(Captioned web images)
- - - - - - -

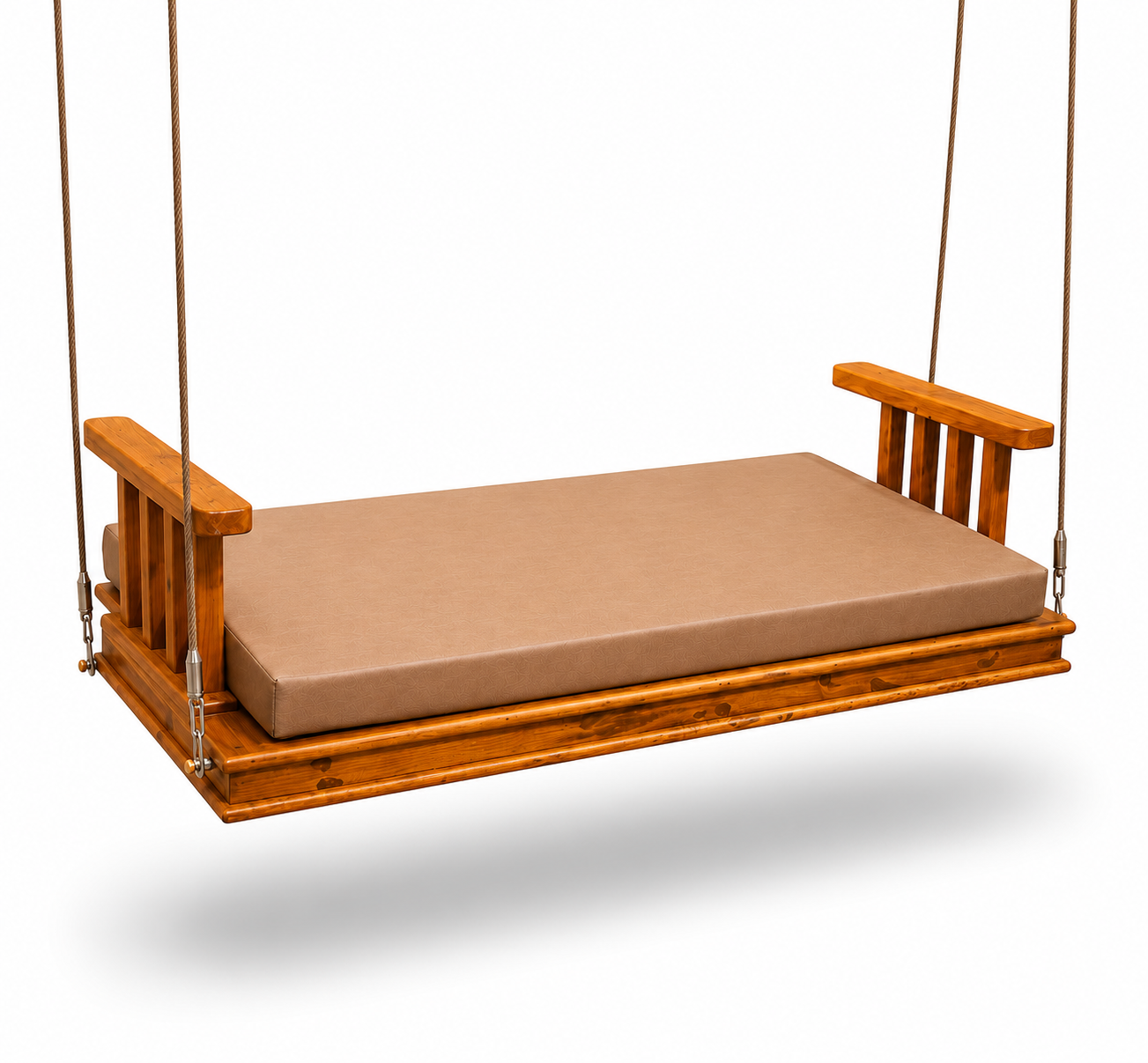 WOODEN HANDLE PLANK SWING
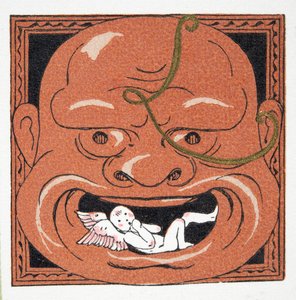 Masque facial, 1922
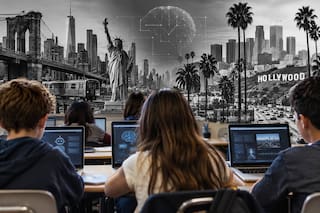 ¿Quién bloquea más la IA en las escuelas en EE.UU?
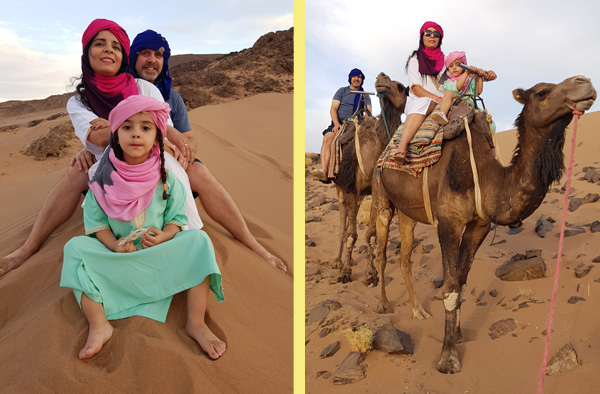 Patick + Hanane + Alya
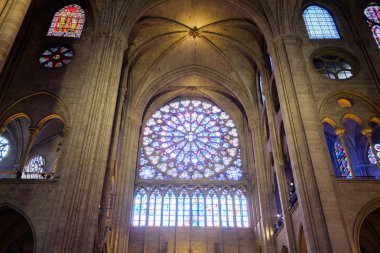 Notre Dame de Paris, Fransa iç mimari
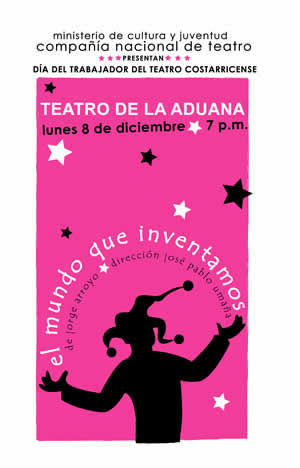 Día del Trabajador de Teatro en Costa Rica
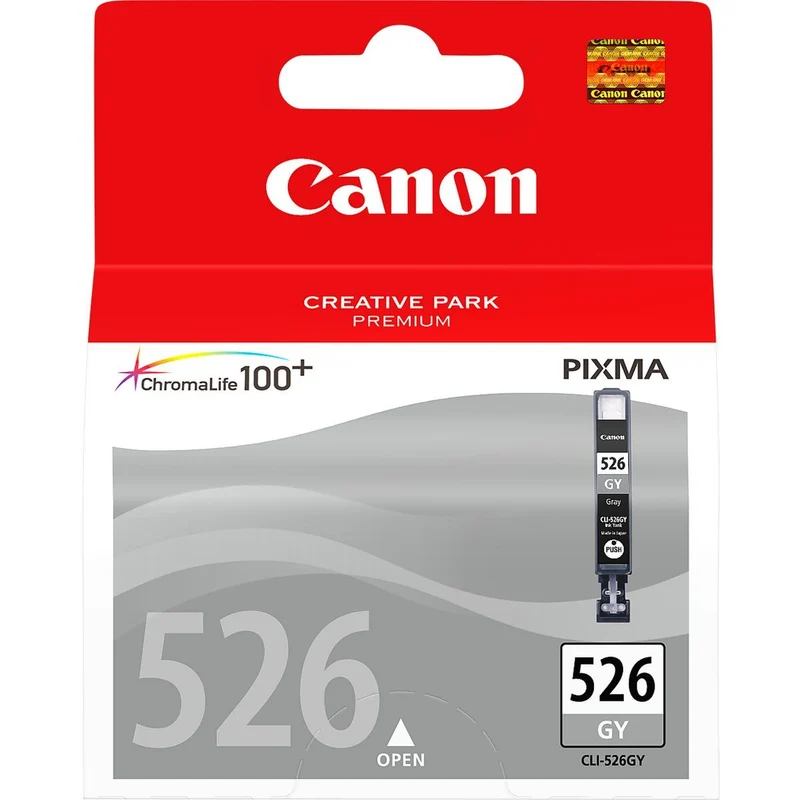 Canon Cartuccia d'inchiostro grigio CLI-526GY [4544B001]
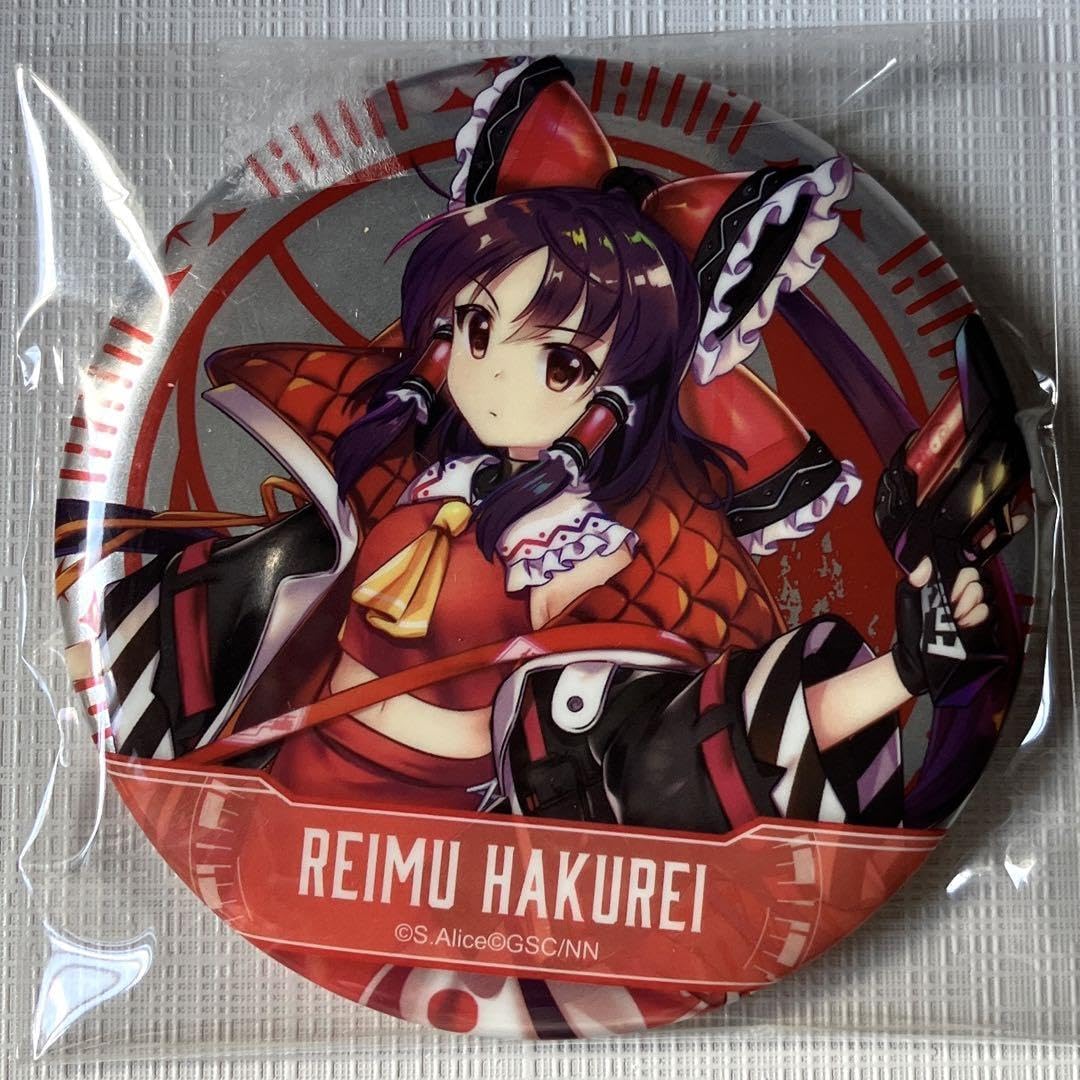Amazon.co.jp: 東方ロストワールド メタル缶バッジ 博麗霊夢 魂魄妖夢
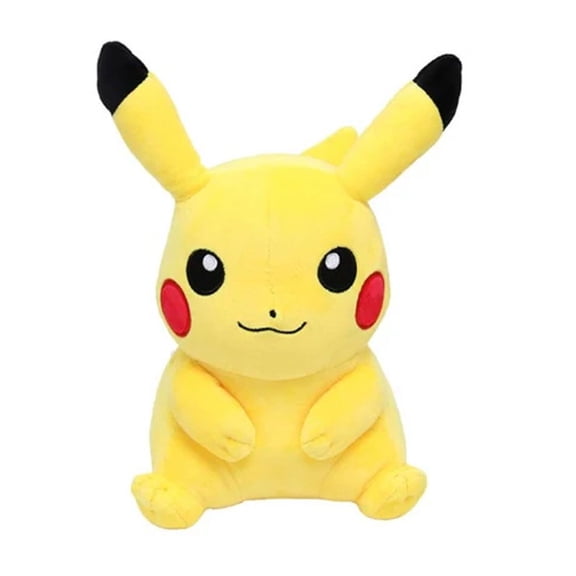 Official licensed : Pokemon Pikachu 8 Plush Toy Chinese Tag, Rare!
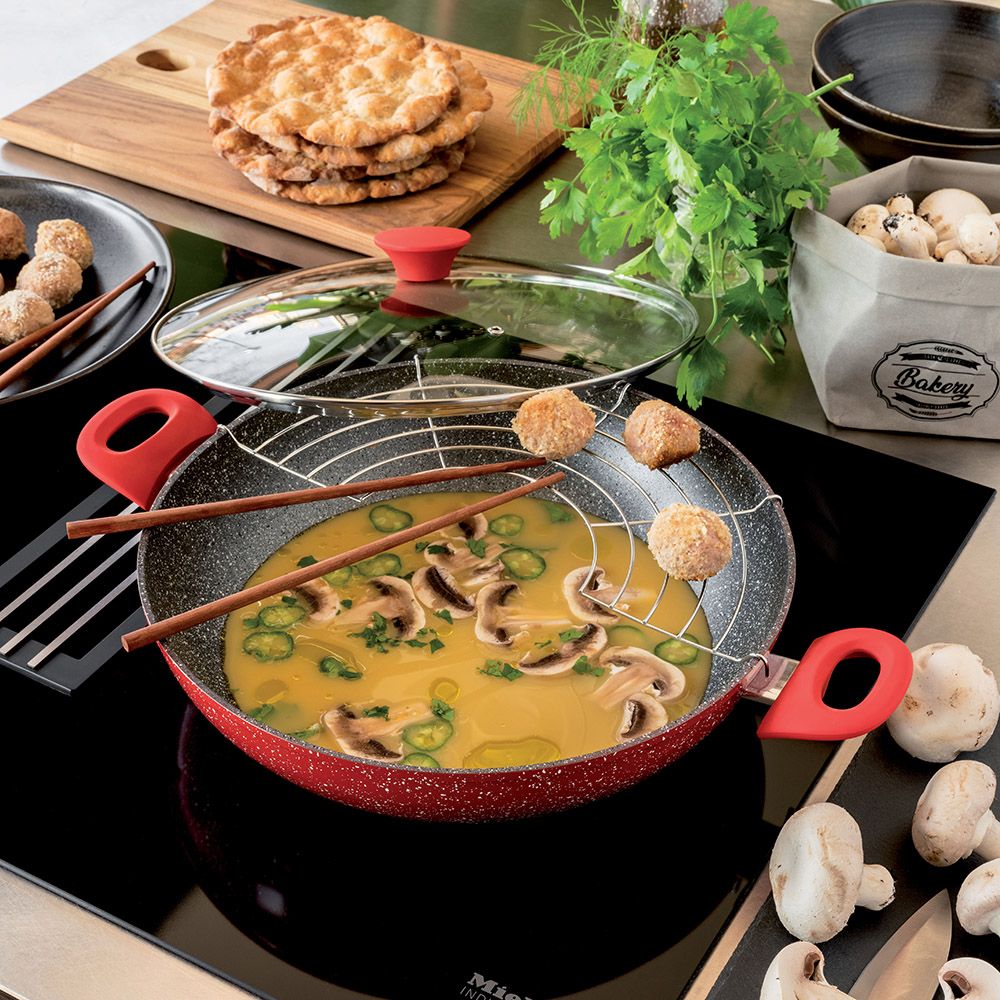 Tognana - Red Stone - Oriental Wok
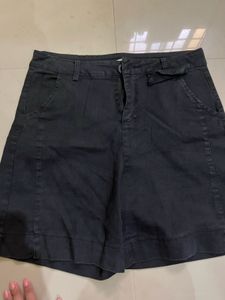 Classic Black Shorts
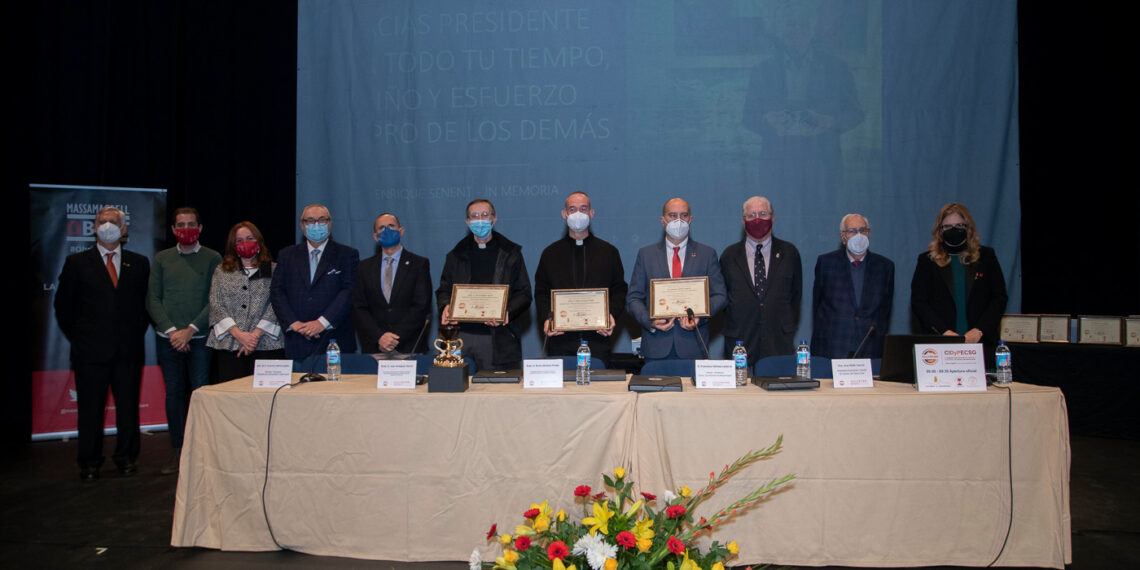 Primer día del I Congreso Internacional Divulgación y Periodismo El Camino del Santo Grial en Massamagrell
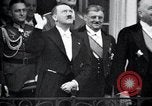 Image of Adolf Hitler at Bayreuth Opera House Bayreuth Bavaria Germany, 1936, second 12 stock footage video 65675031412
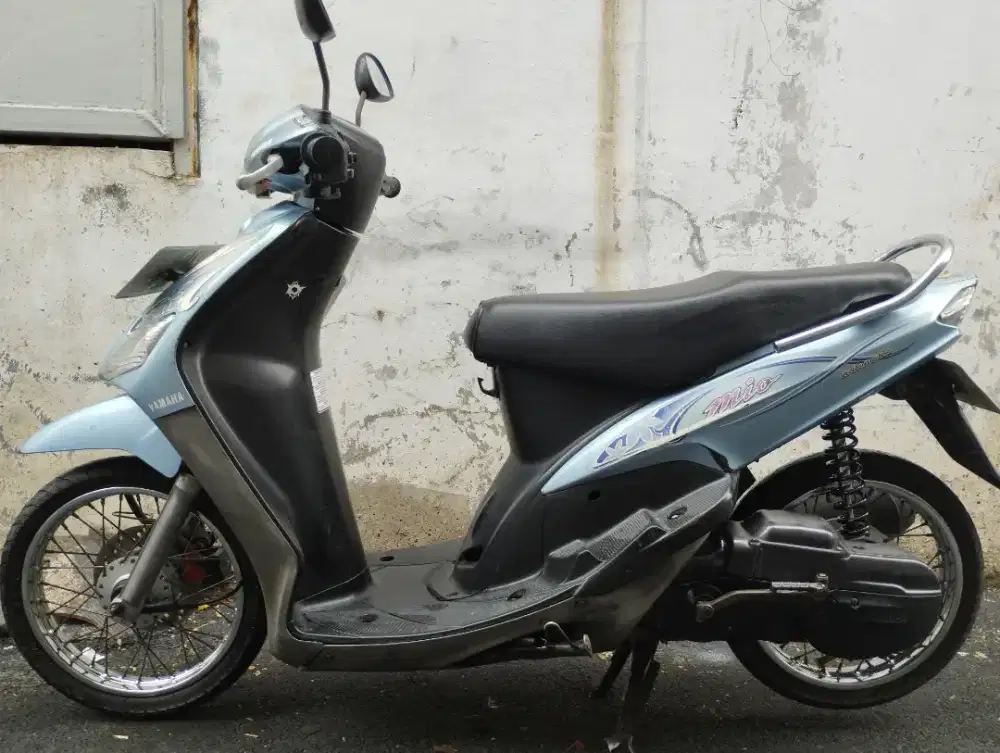 Mio 2005 asli biru muda non step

- - - - - - -

**WHAT NEEDS TO BE DONE**.
Above are the records; please give again, exactly and in full, only the lines that run from the line with "escuelas en EE.UU?" through the line with "Amazon.co.jp: 東方ロストワールド メタル缶バッジ 博麗霊夢 魂魄妖夢", with no pictures.

**FINAL ANSWER**.
 ¿Quién bloquea más la IA en las escuelas en EE.UU?
 Patick + Hanane + Alya
 Notre Dame de Paris, Fransa iç mimari
 Día del Trabajador de Teatro en Costa Rica
 Canon Cartuccia d'inchiostro grigio CLI-526GY [4544B001]
Amazon.co.jp: 東方ロストワールド メタル缶バッジ 博麗霊夢 魂魄妖夢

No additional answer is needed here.